Mentorship becomes even more important in this environment. Senior practitioners will need to explain their reasoning, not simply correct the output. In a busy agency environment, this discipline requires intent.
We must also preserve the space for accountability. If AI removes every visible flaw, we risk developing technically proficient but strategically shallow professionals.
Training now needs to include prompt craft, validation, bias awareness, and governance alongside core communication skills. Juniors should understand both the power and limits of AI.
Creative thinking and lived experience remain accelerators of growth. Technology can refine and test ideas to open up the possibility of diverse thought. It cannot replace the human capacity to sense risk, opportunity, or cultural mood.
Do you see AI as a net positive or a potential limiter for junior career development in PR? What will determine the outcome?
I am optimistic.
AI, when used properly, accelerates learning. A junior practitioner can test multiple angles, analyse data sets, and iterate ideas in ways that were previously prohibitive. This creates exposure to more diverse thinking when applied correctly, but the outcome will depend on leadership.
If AI is treated as a cost-reduction lever, junior development will suffer. Whereas if it is treated as a thinking partner, it will expand capability.
In any market where clients expect both strategic counsel and efficiency, AI helps us remove operational hurdles. That frees our teams to focus on higher-value client problem-solving and creative amplification.
As we’re already experiencing in the industry, new skills and roles will come to the forefront, such as data fluency, ethical oversight, and systems thinking.
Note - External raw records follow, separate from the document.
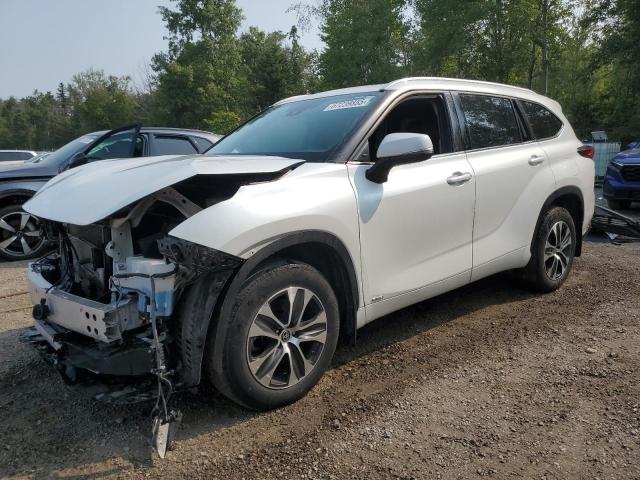 2022 TOYOTA HIGHLANDER HYBRID XLE   for sale at Copart ON - COOKSTOWN
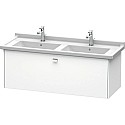 Тумба белый матовый 122 см Duravit Brioso BR404401018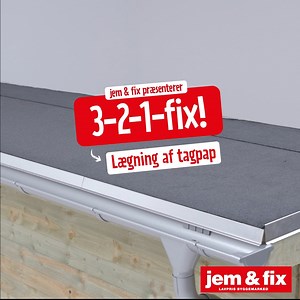 Se, hvordan du lægger tagpap: jemogfix.dk/Læg-tagpap Selvbyggerpap kan både bruges til renovering og til helt nye tage, og du undgår brug af åben ild, da det har selvklæbende kanter. Når det er rullet ud, skal det blot sømmes fast og klæbes sammen🔨 | jem & fix Danmark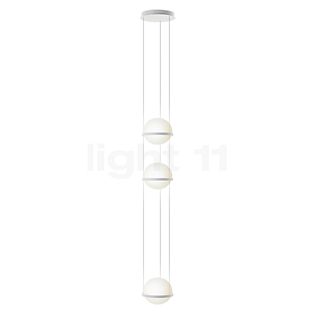 Vibia Palma, lámpara de suspensión LED 3 focos blanco - 80 cm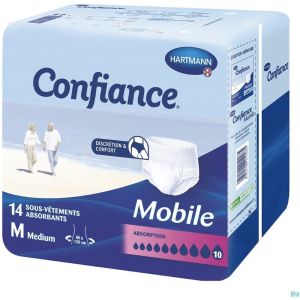 Confiance Mobile 10 Gouttes Slip Absorbant Sachet Tm 14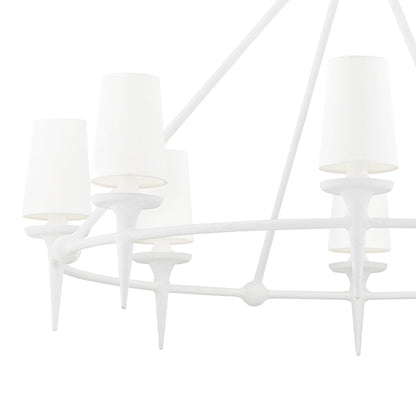 Torch Chandelier in Detail.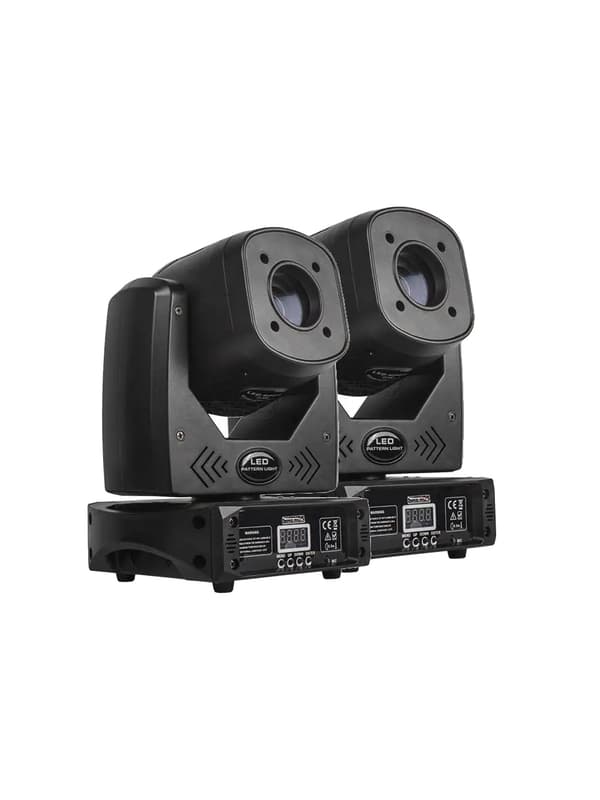 LED DJ Disco Lygter, 80W Effekt, 3-Prisme Spotlys, DMX512 Kontrol,2stk, EU stik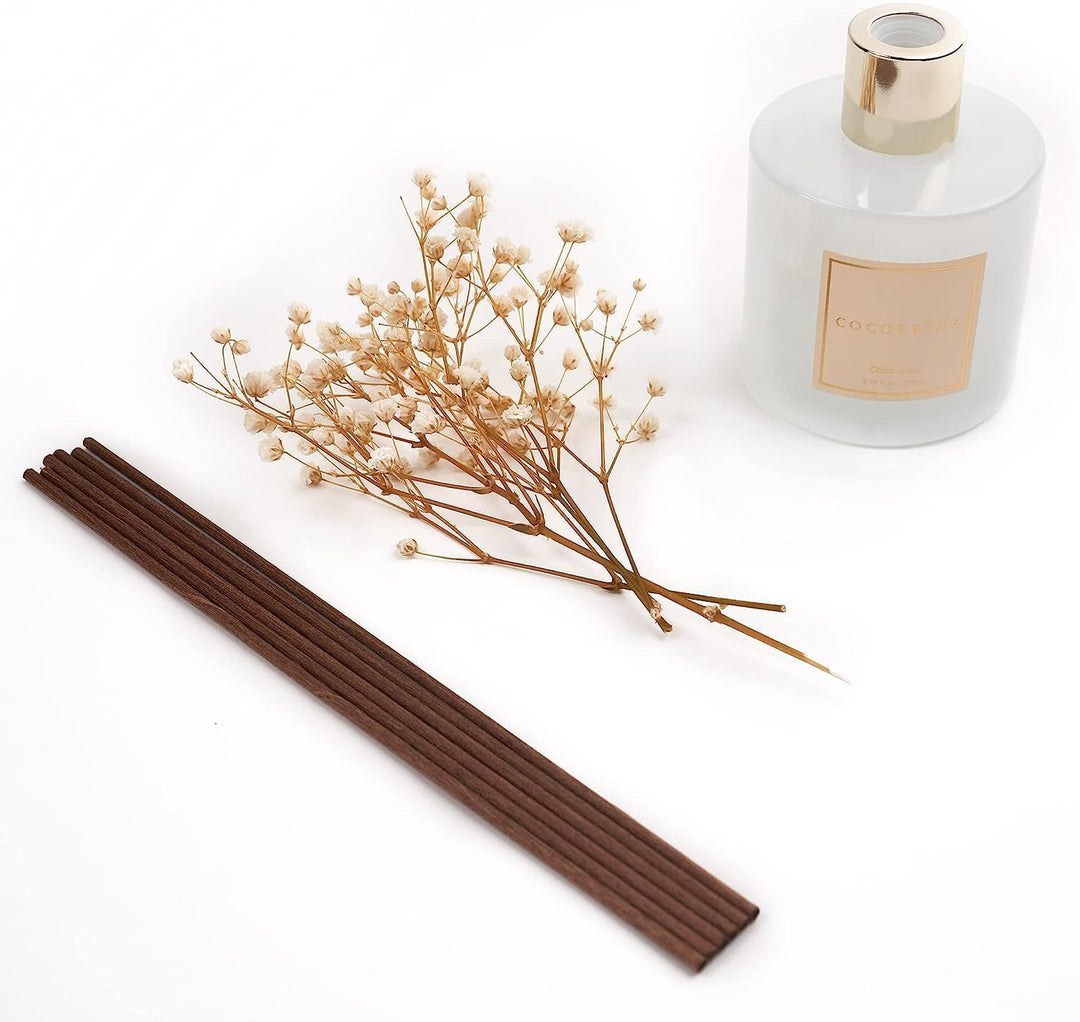 COCORRÍNA Raumduft Reed Diffuser mit 8 Duftstäbchen 200ml- Sauberes Leinen, Natürlich, Langanhaltend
The strongest talent will use AI to push their thinking further - not replace it.
The commercial model also matters. If we move further towards valuing outcomes over hours, AI becomes a performance enhancer rather than a billing threat.
Ultimately, culture determines the result. Agencies that invest in people while embracing technology will produce stronger, more versatile leaders. Those that do not may find themselves technically efficient but strategically diminished.
As technical tasks become automated, soft skills like emotional intelligence, critical thinking, and resilience are gaining prominence. How do these qualities show up in strong junior practitioners, and how can agencies better identify and nurture them?
In strong junior practitioners, emotional intelligence shows up in how they read client dynamics, anticipate stakeholder sensitivities, and adjust tone instinctively. Critical thinking appears in the questions they ask and the time spent listening to understand, not just the tasks they complete. Resilience is evident in how they respond to feedback or fast-moving issues.
In Australia, where relationships and trust are critical to business, these qualities matter enormously.
So, agencies will need to recruit and adjust accordingly. Scenario-based interviews, collaborative exercises, and real-time problem-solving reveal far more than a polished CV. Once inside the agency, exposure is key. For example: sitting in client meetings, participating in crisis simulations, or debriefing openly after campaigns.
Technical competence is essential, but it is table stakes. The differentiator is the ability to connect culture, commerce, and community with clarity and confidence.
If we invest in those human capabilities while equipping our teams with new tools, we will build a generation of practitioners not replaced by AI but fuelled to new heights by it.